Plaintiff-Intervenor the State of Minnesota alleges in its complaint that it has undertaken, at considerable expense, the investigation of the extent of the contamination due to the inaction by Reilly regarding its chemical wastes. The State of Minnesota further alleges that those actions by Reilly have created a common law public nuisance, the severity of which is not yet ascertainable. The relief requested by the State is injunctive in part; it has requested that Reilly be ordered to prevent the further spread of hazardous wastes into the ground water by accomplishing certain preventative measures after consultation with the Environmental Protection Agency and the State of Minnesota. The State claims that Reilly is strictly liable for the damages resulting from its abnormally dangerous activities, in which it voluntarily engaged for pecuniary gain. The State finally requests that it be compensated for all amounts which it has expended and will expend as a result of its response to Reilly's aleged chemical contamination. The State claims that Reilly violated state law which requires that the PCA be notified immediately of discharges of coal tar, creosote, and other coal tar derivatives, and also requires that immediate action be taken to recover discharged pollutants and to minimize or abate the pollution of state waters.

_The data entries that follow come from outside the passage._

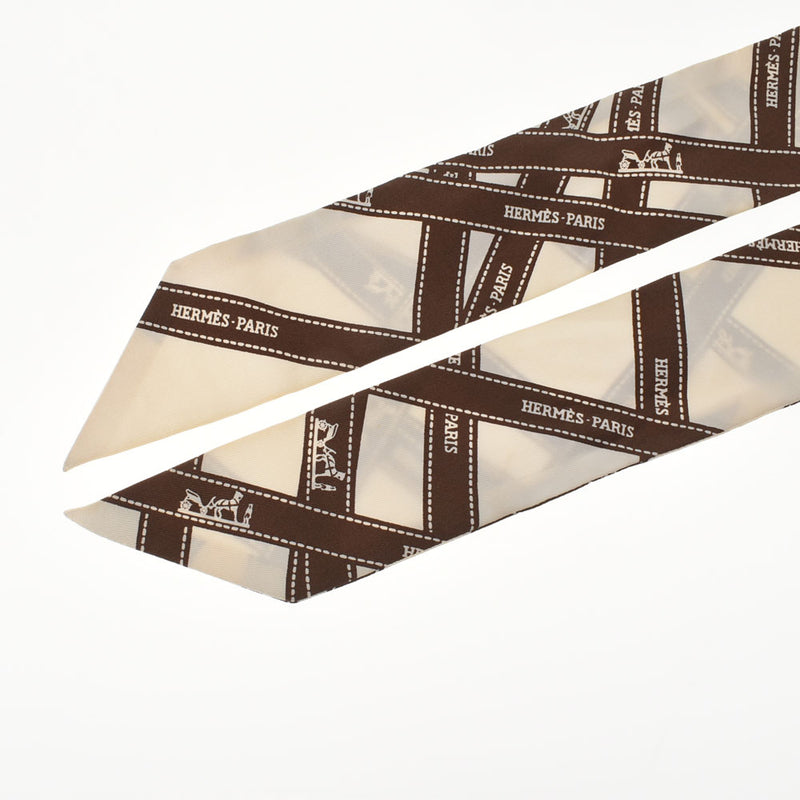 エルメスツイリー ボルデュック/Bolduc リボン柄 白/茶 レディース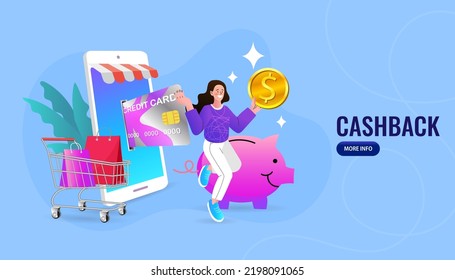 Ilustración del sitio web de la página de inicio de la compra en línea. Mercado de servicios digitales. Tienda de aplicaciones de comercio electrónico de marketing móvil. tarjeta de venta al por menor y de recompensas. Vector moderno de diseño plano.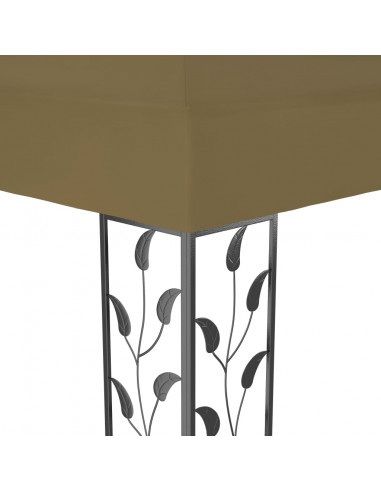 Gazebo con Tetto Doppio e Luci LED 3x4 m Grigio Talpa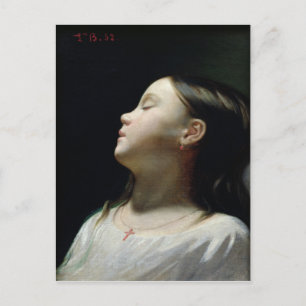 Jonge meisjes die slapen, 1852 briefkaart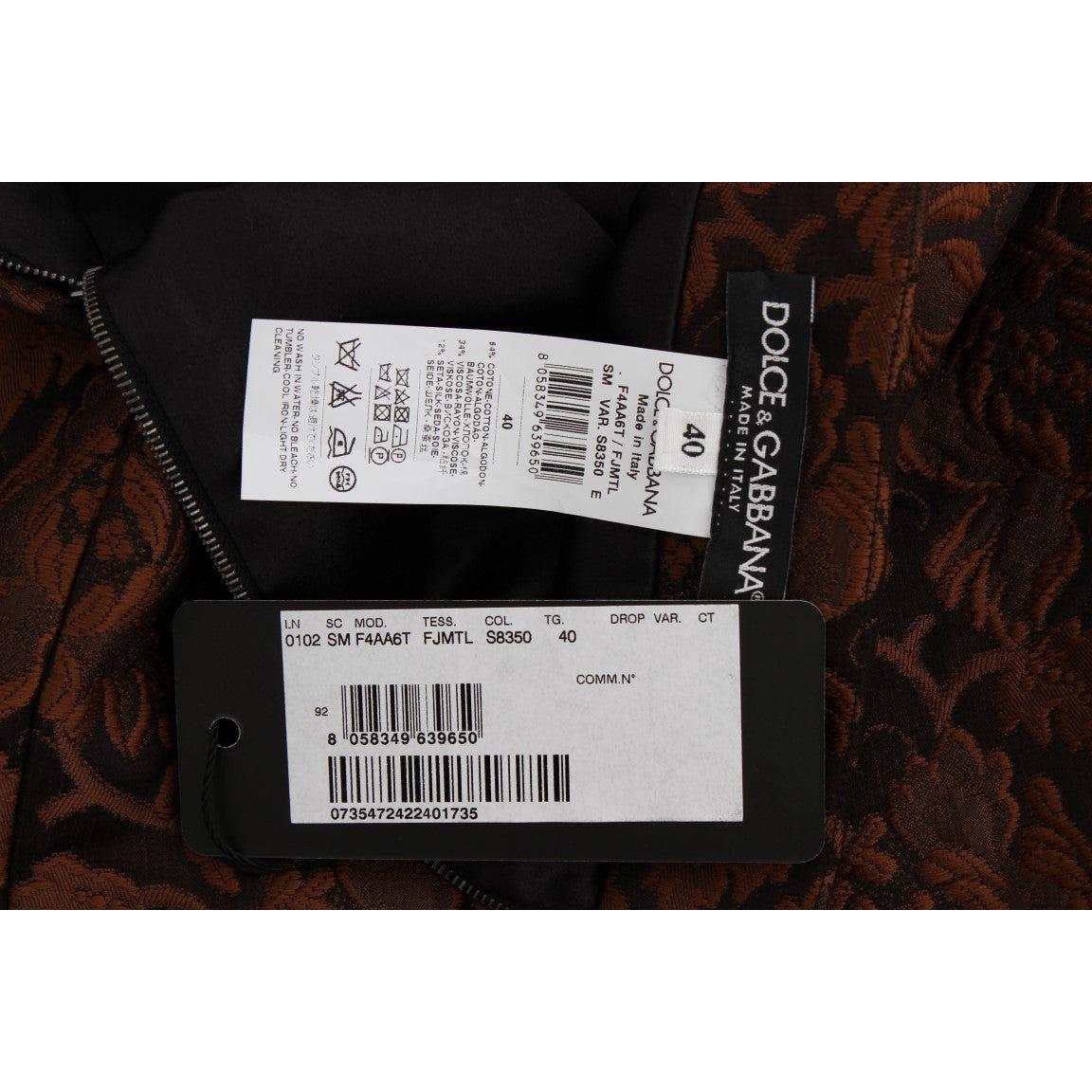 Dolce & Gabbana Brown Floral Brocade Mini Bubble Skirt SIG17466-1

MINN. STAT. § 115.061 (1978).

Plaintiff-Intervenor City of Hopkins, in its complaint against Defendant Reilly, claims that, due to its geographic proximity to the City of St. Louis Park, it has been affected by the discharge by Reilly of coal tar products and distillation wastes onto its land, in the same manner as the City of St. Louis Park. The City of Hopkins claims that the discharge of coal tar products and distillation wastes by Reilly onto Reilly's land in St. Louis Park was the result of an abnormally dangerous activity and that Reilly is therefore strictly liable for all resultant harm. The relief requested by the City of Hopkins is first injunctive, to impose conditions on Reilly such as may be necessary to protect against further pollution of the ground waters, and to abate the continuing harm. Secondly, Hopkins requests judgment in an amount found to compensate it for the expenses incurred and to be incurred as a result of the alleged underground contamination.

As indicated above, three motions were heard by this Court on May 4, 1983. Plaintiffs United States and the State of Minnesota moved to strike the demand of Reilly Tar for a jury trial first on the ground that such motion was not timely under FED. R. CIV. P. 38(b). Plaintiffs provided the Court with a detailed chart, which set forth in chronological order the dates when the various pleadings had been filed, to further illustrate the extent of Reilly's untimeliness.

FED. R. CIV. P. 38(b) does set forth a clear deadline before which a demand for a trial by jury is to be made. That deadline is not later than ten days after the service of the last pleading directed to any issue triable of right by a jury. As emphasized by the Plaintiffs, where a party fails to follow the prescribed procedures, under Rule 38(d) he is deemed to have waived whatever right he may have had to demand a jury trial. The parties hereto have argued at great length about which pleading was the last pleading directed to issues for which Reilly has demanded a jury trial. The Court, however, need not discuss the merits of the parties' respective arguments on this issue, because of the discretion provided it under FED. R. CIV. P. 39(b). That rule provides that the Court may, in its discretion, and upon motion, order a trial by jury on any or all issues. This discretion is accorded the Court because the right to a jury trial is regarded as being of such great importance. See Dairy Queen, Inc. v. Wood, 369 U.S. 469 (1962); Beacon Theatres, Inc. v. Westover, 359 U.S. 500 (1959); Klein v. Shell Oil Company, 386 F.2d 659 (8th Cir. 1967); Curry v. Pyramid Life Insurance Co., 271 F.2d 1 (8th Cir. 1959). Where an action is one which is highly complex, as where complicated considerations of federal and state law are involved, the Court would be inclined to exercise its discretion in favor of a court trial. That is essentially what the Court in United States v. Pilot Freight Carriers, Inc., 54 F.R.D. 519 (1972) decided to do, based on the great complexity of the applicable law, and on the fact that both legal and equitable relief was being sought.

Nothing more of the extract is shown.